Los presbíteros constituyen el grado inmediatamente inferior al obispo. “Al presbítero pertenece consagrar el sacramento del cuerpo y de la sangre del Señor, decir las oraciones y bendecir al pueblo”, escribe tajantemente San Isidoro en una carta al obispo Laudefredo35. Por dependencia de un conocido texto de San Jerónimo36, que reproduce de modo literal, San Isidoro, en un pasaje de su obra De ecclesiasticis officiis37, da la impresión de considerar las limitaciones de los presbíteros con respecto al obispo, por ejemplo, su falta de poder para ordenar, como procedentes de una mera costumbre eclesiástica38. Pero el texto de la carta a Laudefredo que acabo de citar, es demasiado tajante para sostener esta interpretación; tanto más que se completa con una no menos nítida descripción de las funciones del obispo: “Al obispo pertenece (…) la confección del crisma; él mismo constituye los oficios y órdenes eclesiásticos antes citados”39. Y aun dentro de la obra De ecclesiasticis officiis es innegable la afirmación de que las diferencias entre obispo y presbítero no han surgido por mera costumbre eclesiástica. La clara toma de posición se encuentra en un contexto en que se habla de la confirmación: “Se debe sólo a los Pontífices que confirmen o confieran el Espíritu Paráclito, lo cual lo demuestra no sólo la costumbre eclesiástica, sino también aquella anterior lectura de Los Hechos de los Apóstoles, que afirma que Pedro y Juan fueron enviados, para que confirieran el Espíritu Santo a los ya bautizados (Hch 8, 14-17). Porque a los presbíteros está permitido, sin obispo o estando presente el obispo, cuando bautizan, ungir con crisma a los bautizados, con tal que haya sido consagrado por el obispo, pero no signar la frente con el mismo óleo, lo cual corresponde sólo a los obispos, cuando confieren el Espíritu Santo”40.

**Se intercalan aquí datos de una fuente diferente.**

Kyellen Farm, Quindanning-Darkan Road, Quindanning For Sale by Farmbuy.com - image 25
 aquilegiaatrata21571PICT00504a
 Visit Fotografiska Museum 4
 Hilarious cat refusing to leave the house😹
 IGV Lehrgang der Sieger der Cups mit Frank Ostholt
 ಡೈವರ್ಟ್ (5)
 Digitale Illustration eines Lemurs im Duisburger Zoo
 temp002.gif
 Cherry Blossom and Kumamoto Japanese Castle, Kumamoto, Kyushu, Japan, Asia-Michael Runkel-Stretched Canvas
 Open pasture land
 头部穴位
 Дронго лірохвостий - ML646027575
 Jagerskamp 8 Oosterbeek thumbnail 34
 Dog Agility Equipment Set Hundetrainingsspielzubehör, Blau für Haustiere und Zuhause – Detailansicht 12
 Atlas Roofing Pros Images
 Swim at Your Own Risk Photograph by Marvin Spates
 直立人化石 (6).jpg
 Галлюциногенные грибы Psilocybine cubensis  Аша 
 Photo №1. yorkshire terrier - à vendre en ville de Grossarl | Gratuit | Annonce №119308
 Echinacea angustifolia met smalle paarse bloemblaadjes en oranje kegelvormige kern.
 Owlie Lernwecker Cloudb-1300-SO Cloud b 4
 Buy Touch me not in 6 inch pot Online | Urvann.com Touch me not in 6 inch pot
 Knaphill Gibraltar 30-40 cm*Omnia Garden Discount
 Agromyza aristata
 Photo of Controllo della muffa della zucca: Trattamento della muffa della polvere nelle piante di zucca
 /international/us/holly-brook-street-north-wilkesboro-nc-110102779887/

“El obispo, como dice un prudente, es nombre de trabajo, no de honor. Es una palabra griega, como también el vocablo del que se ha deducido, que significa que aquel que es puesto sobre, tiene superintendencia, llevando el cuidado de los súbditos; pues scopus es intención. Por tanto, a los obispos podemos llamarlos en latín superintendentes, para que él comprenda que no es obispo si no le gusta ser útil, sino presidir”41. Esta reflexión induce a considerar las cualidades y virtudes de las que el obispo debe estar adornado.
Como es obvio, todas ellas tienen, como trasfondo, algo mucho más radical y general, porque afecta a todo miembro del clero. “Dicen que se llaman clérigos, porque están dados a la suerte de la heredad del Señor, o porque el mismo Señor es la suerte de ellos, como está escrito de ellos, siendo el Señor el que habla: Yo, la heredad de ellos. Por lo cual conviene que los que tienen a Dios como herencia se preocupen de servir a Dios sin ningún impedimento mundano e intenten ser pobres de espíritu para que puedan decir de modo conveniente aquello del Salmista: El Señor es la parte de mi herencia (Sal 16, 5)”42. A partir de este principio general, San Isidoro hace una detallada descripción de lo que debe ser la vida de los clérigos. Aparte de su insistencia en evitar determinados vicios, cultivar virtudes y llevar un estilo de vida correspondiente al propio estado43, quiero resaltar esta exhortación al estudio sagrado y a la vida interior: “Finalmente, dedíquense a la doctrina, a las lecturas, salmos, himnos, cánticos, con ejercicio continuo”. Ello no se les pide sólo para su enriquecimiento espiritual, sino que “los que se procuran mostrarse al servicio de los divinos cultos, deben ser tales que, mientras se dedican a la ciencia, administren a los pueblos la gracia de la doctrina”44. En otras palabras, de este modo pueden ejercitar un apostolado más eficaz, en cuanto que más denso de doctrina.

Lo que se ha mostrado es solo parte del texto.